At dawn when the heat clicks on it feels as if the house is breathing. I leave our bed quietly to feed the cat, walk the dog and retrieve the newspaper. I am not naturally a morning person but the routine has become habit and reminds me of the practice of how I make things or do yoga or commit to afternoon walks.
In the gentle December sunlight of late morning I paged through my mother's archive searching for an article I remember stashing away. Instead I found myself lost in drafts of essays she wrote about her childhood experiences of camp, long friendships made in her twenties, and a piece about her sister and their familial relationship. These branching essays struck forgotten chords and reminded me how hard she worked to understand who she was, how she got there and where to go next. As a child I thought her knowledge and personality was solid, arrived at through natural growth like that of a tree. I am grateful to touch these pages that open into an invisible feeling of light and the vortices of empathy.
At dawn when rowboats drum on the dock
and every door in the breathing house bumps softly
as if someone were leaving quietly, I wonder
if something in us is made of wood,
maybe not quite the heart, knocking softly,
or maybe not made of it, but made for its call.
Of all the elements, it is happiest in our houses.

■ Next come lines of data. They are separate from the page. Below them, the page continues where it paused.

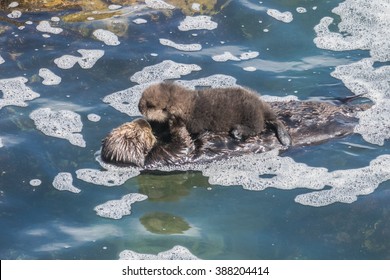 A wild mother Southern Sea Otter (Enhydra lutris) and her 2-day old newborn pup float in the water of a protected cove, in Monterey Bay, California. Footage available.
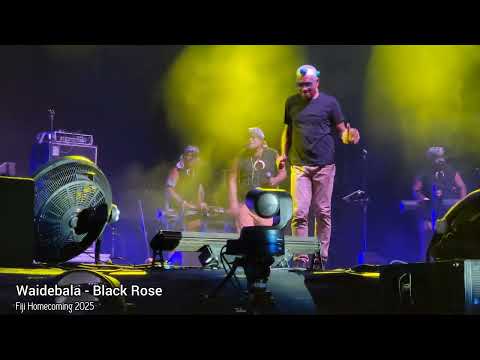 Waidebala - Black Rose (Fiji Homecoming 2025)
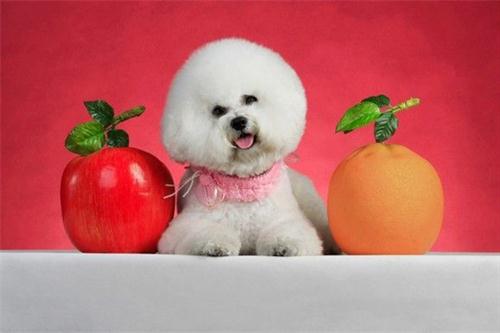 狗狗拉稀，而且不吃东西也没精神，怎么回事？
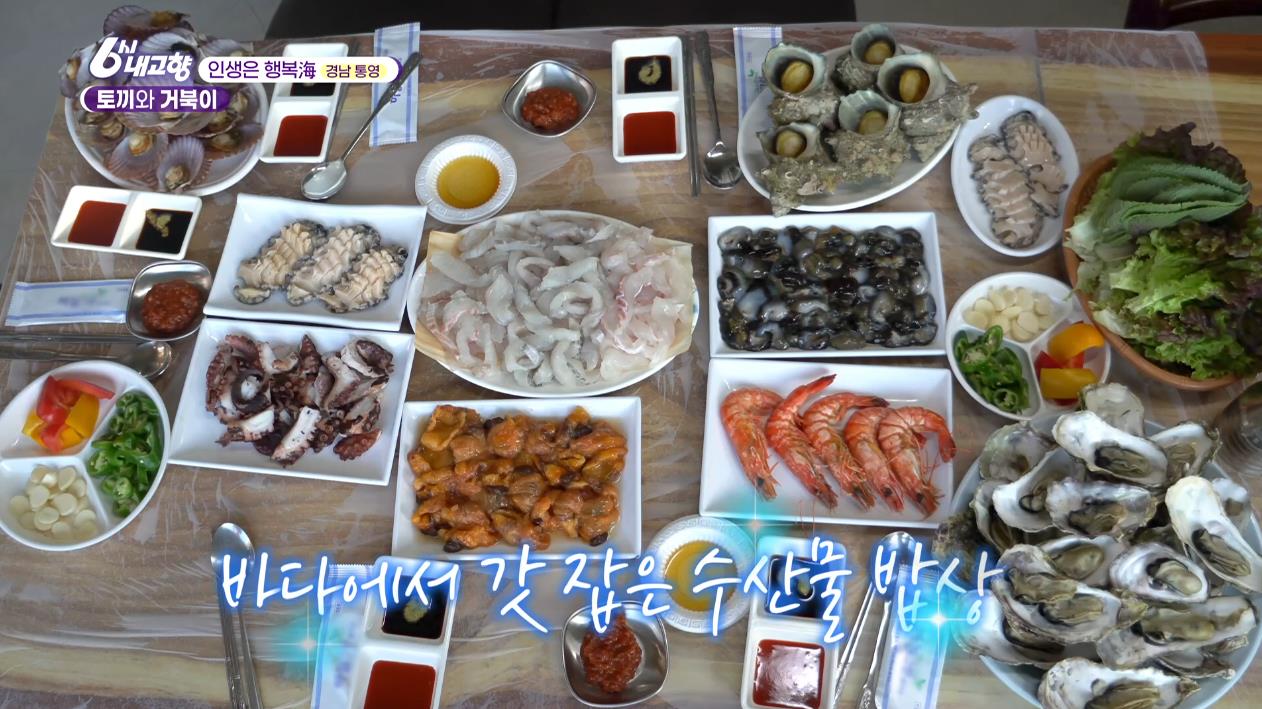 6시내고향 인생은행복해 통영 연대도 1박3식 펜션 직접 잡은 해산물 밥상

It will sit with us, eat with us, lie down
and hold our books (themselves a rustling woods),
bearing our floors and roofs without weariness,
for unlike us it does not resent its faithfulness
or question
Its branchings have slowed the invisible feelings of light
into vorticies smooth for our hands,
so that every fine-grained handle and page and beam
is a wood-word, a standing wave:
years that never pass, vastness never empty,
speed so great it cannot be told from peace.